Only one teacher acknowledged African American or Black culture as a source of influence on SARC students’ “dynamic” communication behaviors. Nearly all of the teachers believed that inner-city culture was the main source of influence and that some behaviors were just natural for kids. For instance, kids were just naturally “touchy” because they needed attention. On the other hand, lack of educated adult guidance in the children’s lives also explained why they wanted to be heard and why they relied on movements to communicate instead of words. One teacher pointed out that the inner-city neighborhood was a culture all in itself. For instance, the inner-city speech pattern was full of “slang” and was distinctly different from “proper English.” Being aggressive, the teachers believed, was required in the inner-city “survival the fittest” environment. Some of the teachers perceived that children who grew up in the inner-city environment were used to people yelling at them, loud talking, TV on all day long, and crowded living conditions. To the teachers, the inner-city culture rather than African American culture explained the children’s musical inclination, short attention span, loud-communication habits, and close personal space.

Communication Strategies Used by Teachers

Teachers’ choices of communication strategies appeared to be determined by two main factors: their interpretation of students’ communication behaviors as shaped by their understanding of students co-cultural experience and their educational goals for students. When asked to describe the “positive communication” approach that all teachers claimed to use at SARC, the main themes that emerged from the teachers’ descriptions were “respect,” “care,” and “opening communication.” For instance, Ms. Apoorva explained, “It [SARC] is very democratic and it’s very safe because now they are in a place where they can express themselves and they’ll be listened to.”The SARC teachers used communication strategies to engage and encourage students who came from homes where little caring communication existed. The teachers also used communication strategies to educate those children who were accustomed to “disrespectful” communication toward adults.

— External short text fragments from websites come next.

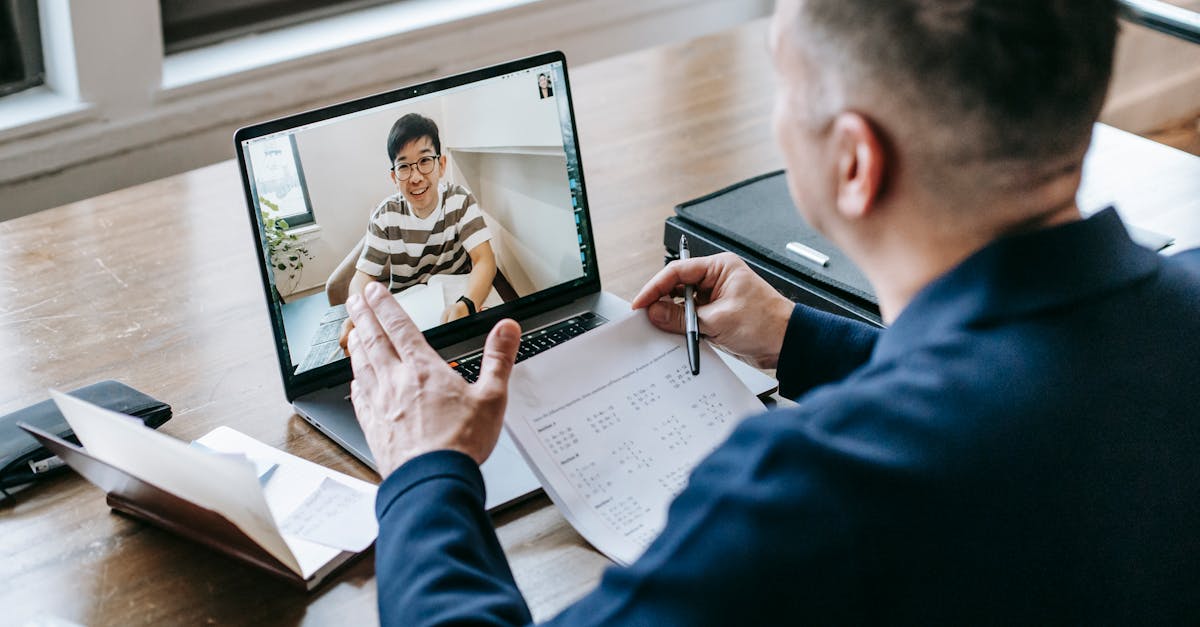 découvrez le mentorat, une approche enrichissante où des professionnels expérimentés accompagnent les novices pour développer leurs compétences, élargir leur réseau et atteindre leurs objectifs. plongez dans un parcours d'apprentissage unique et transformez votre carrière grâce au soutien d'un mentor.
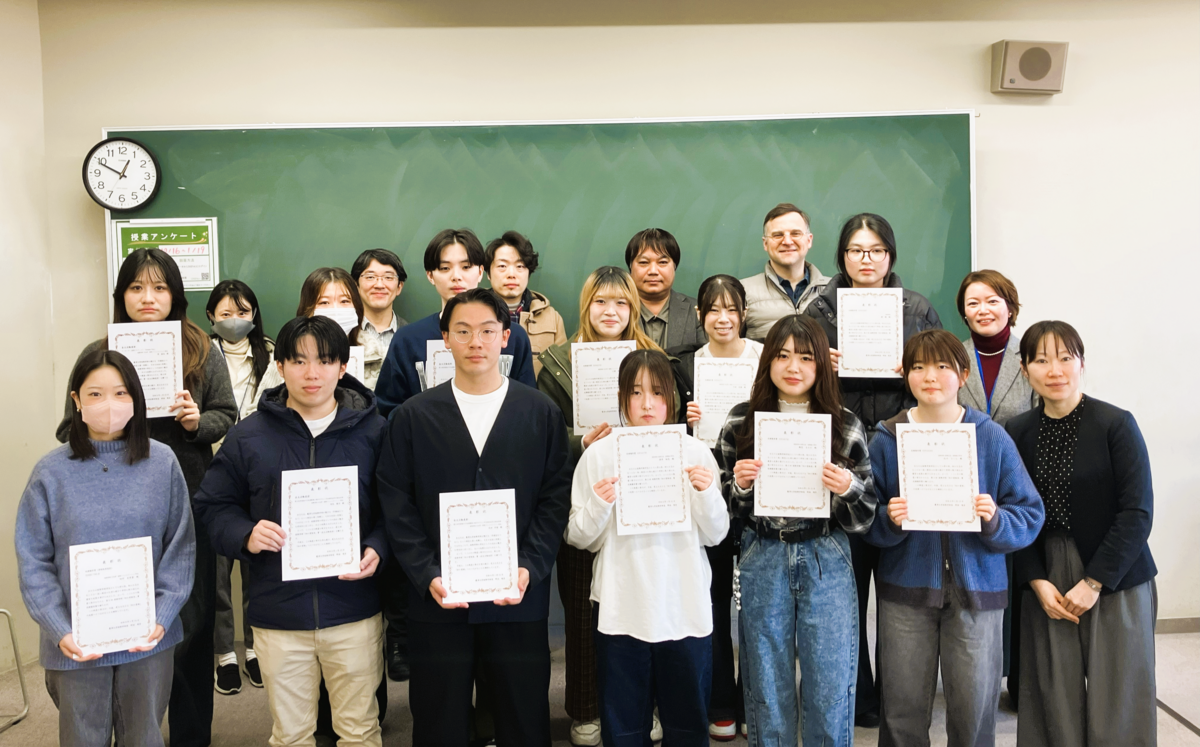 【開催報告】国際学部で「知の冒険者賞」表彰式を行いました。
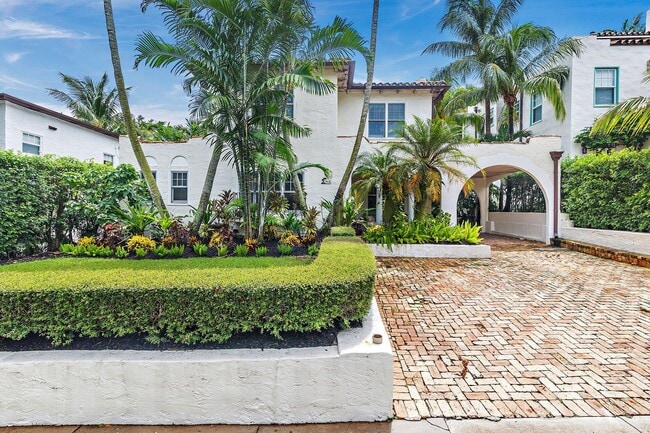 Building Photo - 710 Claremore Dr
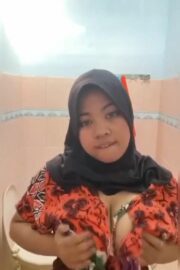 Hijab Toge Berdaster Omek Brutal Di Toilet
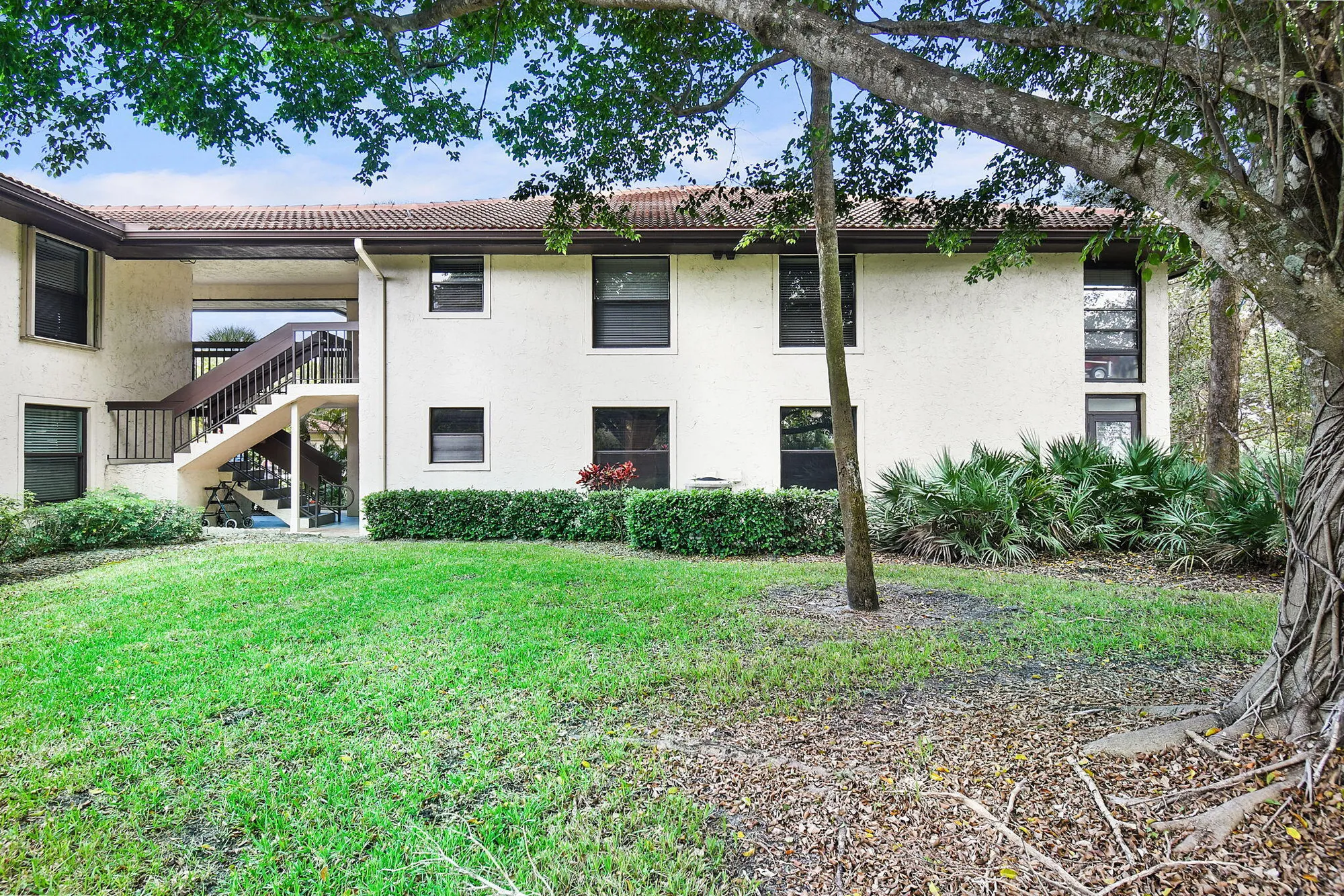 Property Slideshow image 5 of 57 | 31 sw s river dr dr 106, Stuart, FL, 34997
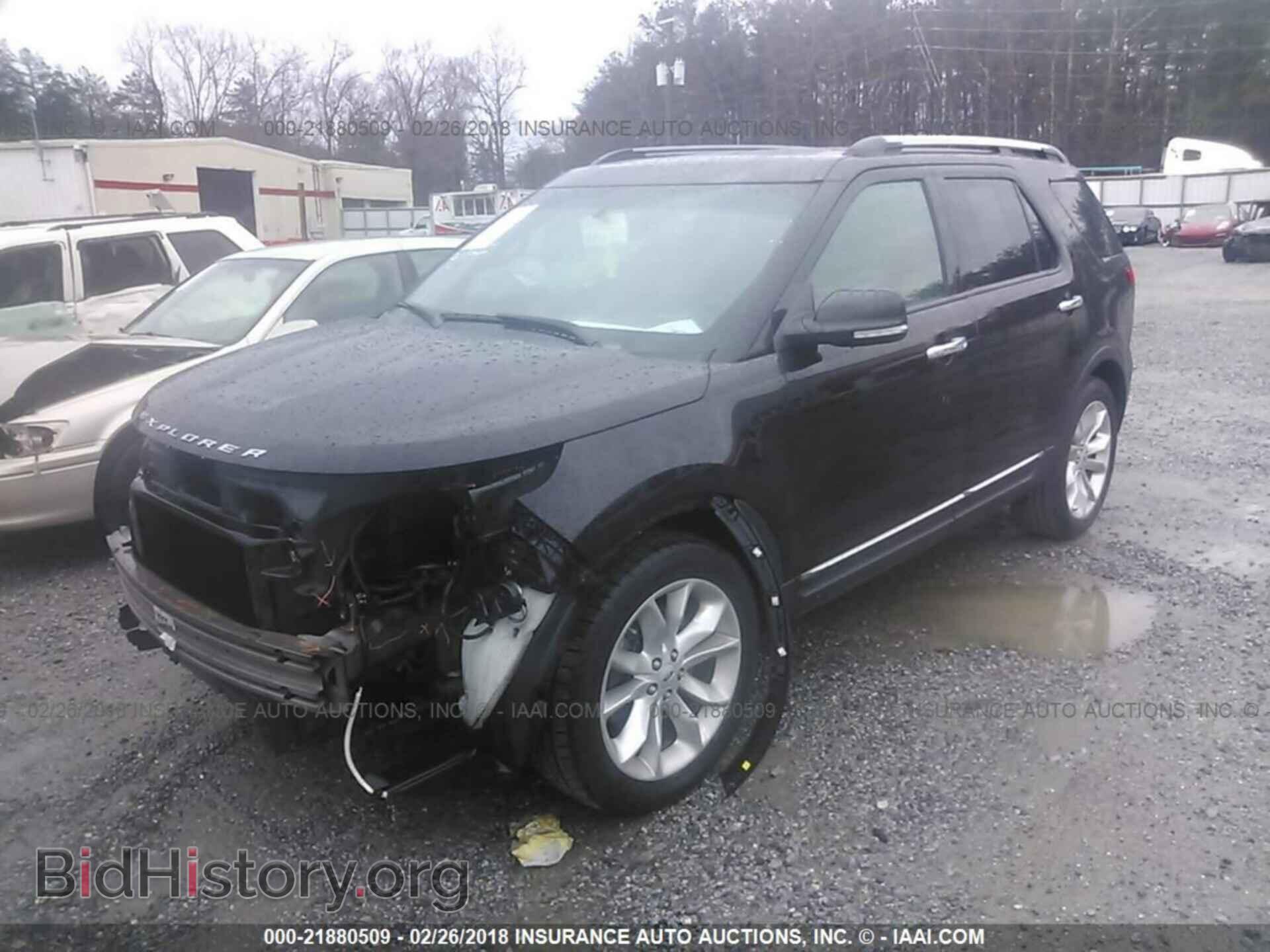 2014 Ford Explorer - VIN: 1FM5K7D82EGB32390 - Фото 2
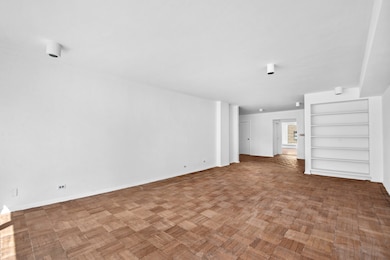 1050 5th Ave unit 17A, New York, NY 10028 - photo 6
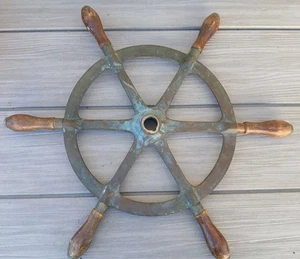ANTICHE NAVI RUOTA MANICI LEGNO ottone/bronzo maniglie legno 19" - Foto 1 di 11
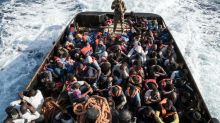 Nave con oltre 900 migranti verso Catania  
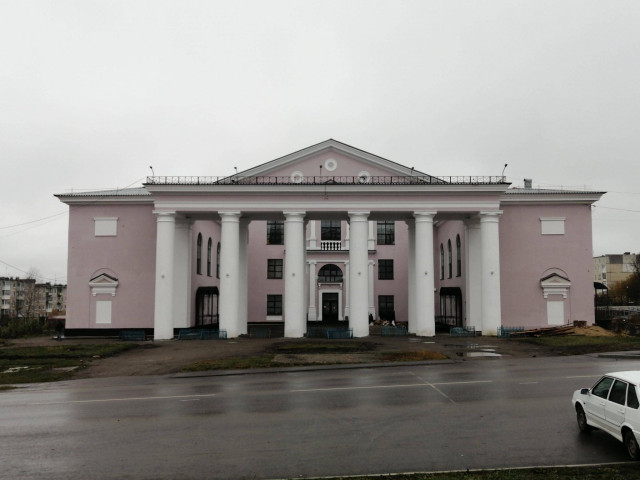 Дворец культуры открыл месячник пожилого человека в городе Александровск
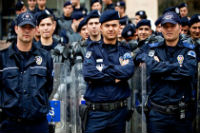 19.000 αστυνομικοί μετακινούνται προς την ανατολική Τουρκία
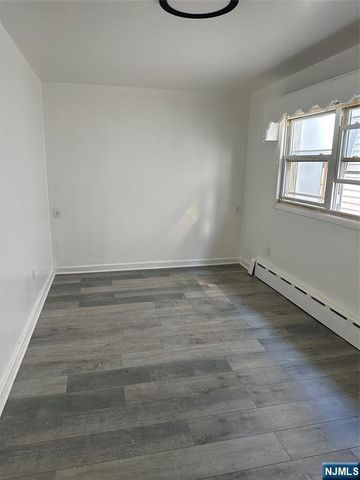 296 Preakness, Paterson, NJ 07502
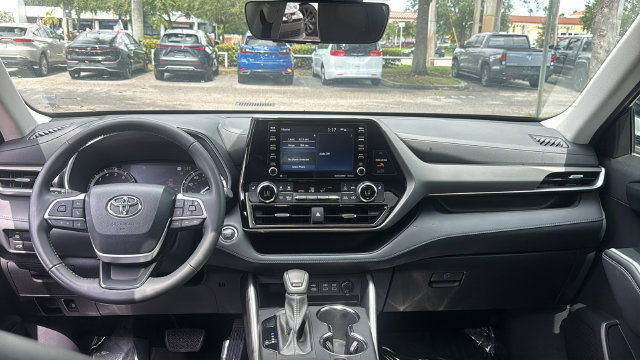 Used 2022 Toyota Highlander XLE FWD image 14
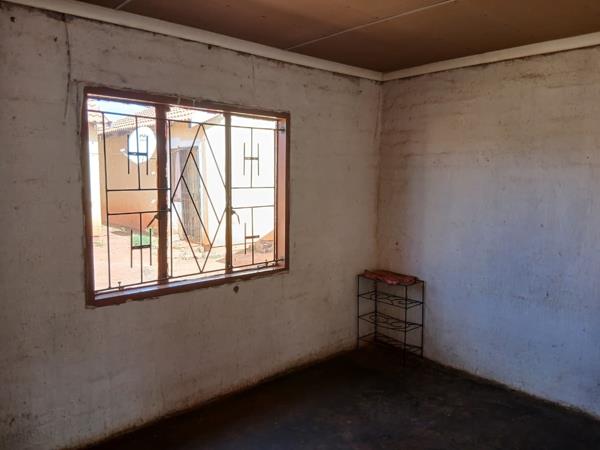 2 Bedroom House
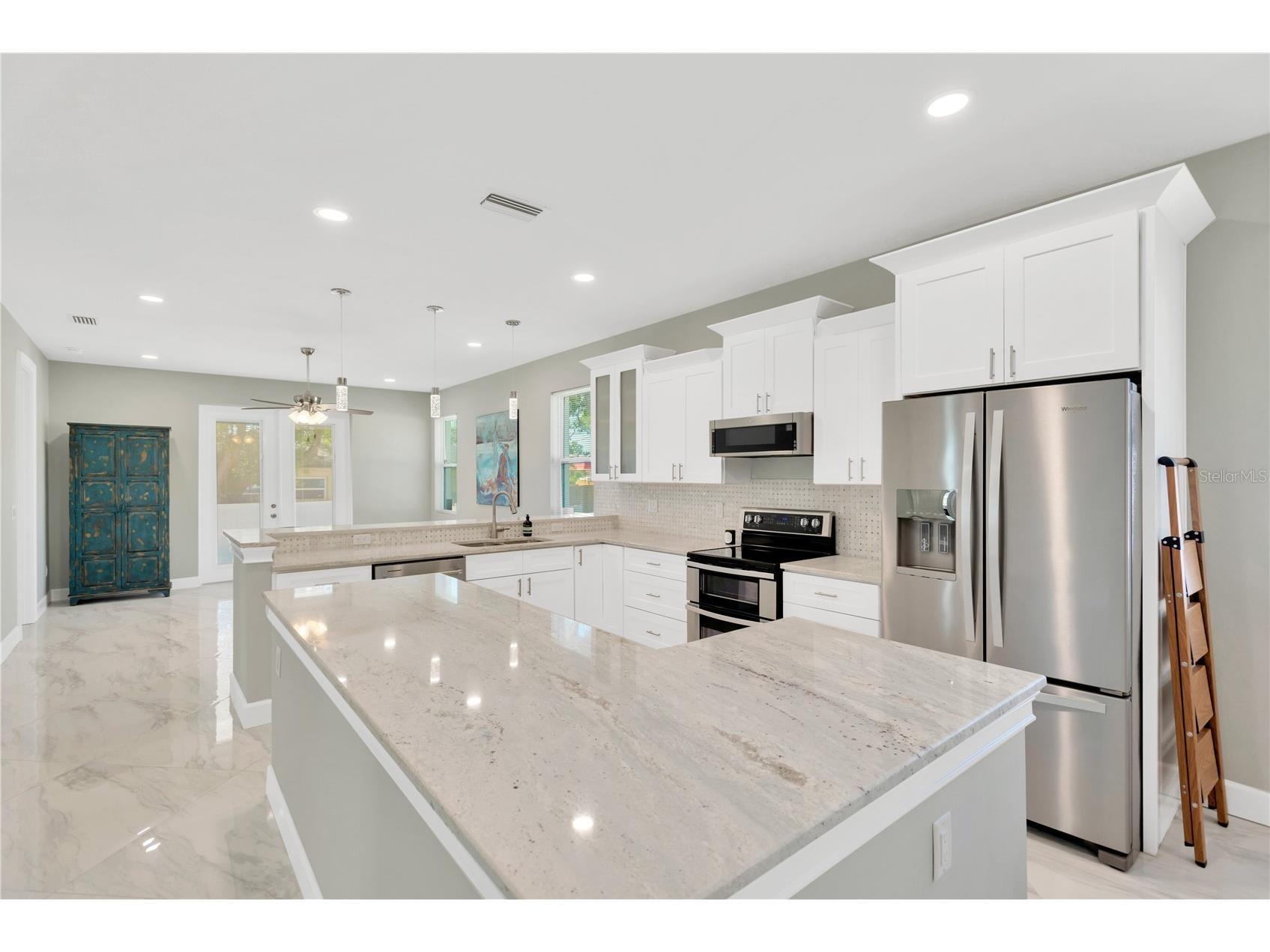 860 17th Avenue S Saint Petersburg FL 33701 TB8424477 image5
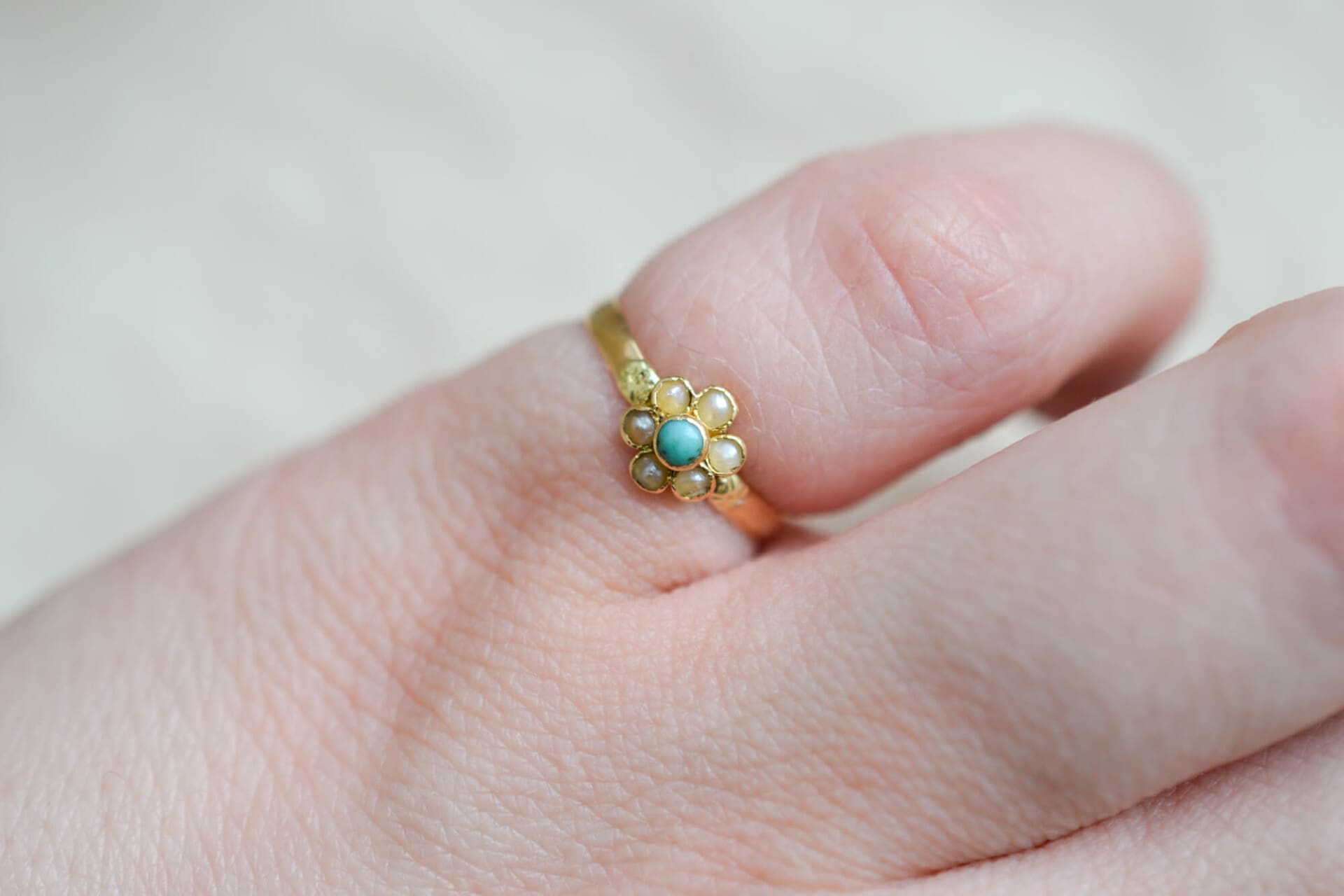 Bague fleur Turquoise et Perles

The teachers labeled the approach as the “Responsive Classroom Approach.” Analysis of the interview data reveals that the “responsiveness” highlighted by the study participants occasionally, but not consistently, responded to the children’s co-cultural experiences. What emerged from teachers’ descriptive and explanatory statements about “responsiveness” are three themes: to neglect, to negate, and to naturalize co-cultural influences. “Neglecting” and “negating” co-cultural influences through classroom communication, intentionally or not, would likely reinforce the dominant-communication structures. On the other hand, “to naturalize,” or to include some aspects of children’s home communication style in classroom communication, could serve to validate students’ home culture and thus encourage children to maintain a range of communication styles that allow them to code-switch across cultural contexts. In the interviews, most teachers indicated that they used all three of these communication strategies. However, they talked more about strategies that fall under the themes of “neglecting” and “negating” than “naturalizing” ones.

To Neglect

Every teacher participated in the study believed that the “Responsive Classroom Approach” was beneficial for all children regardless of backgrounds. When asked to explain the approach, the teachers focused on describing communication strategies. Given limited space, I selected only two quotes to illustrate the consistent themes:

“Our strategies are about forming choices for the students, articulating those to them, letting them know that they have positive choices to make. Telling students possible things to do in the affirmative, …less ‘don’t this, don’t that,’ but more ‘you should be doing this, you should be doing that.’ Use positive language, positive interactions, ” described Ms. Lisa.
“We try to make sure that they resolve their issues up front and they’re verbal and communicating. [For example], ‘I’m sorry, but I did this because I was angry at the time about this.’ And they take ownership for their own actions….write apology notes," described Ms. Margaret.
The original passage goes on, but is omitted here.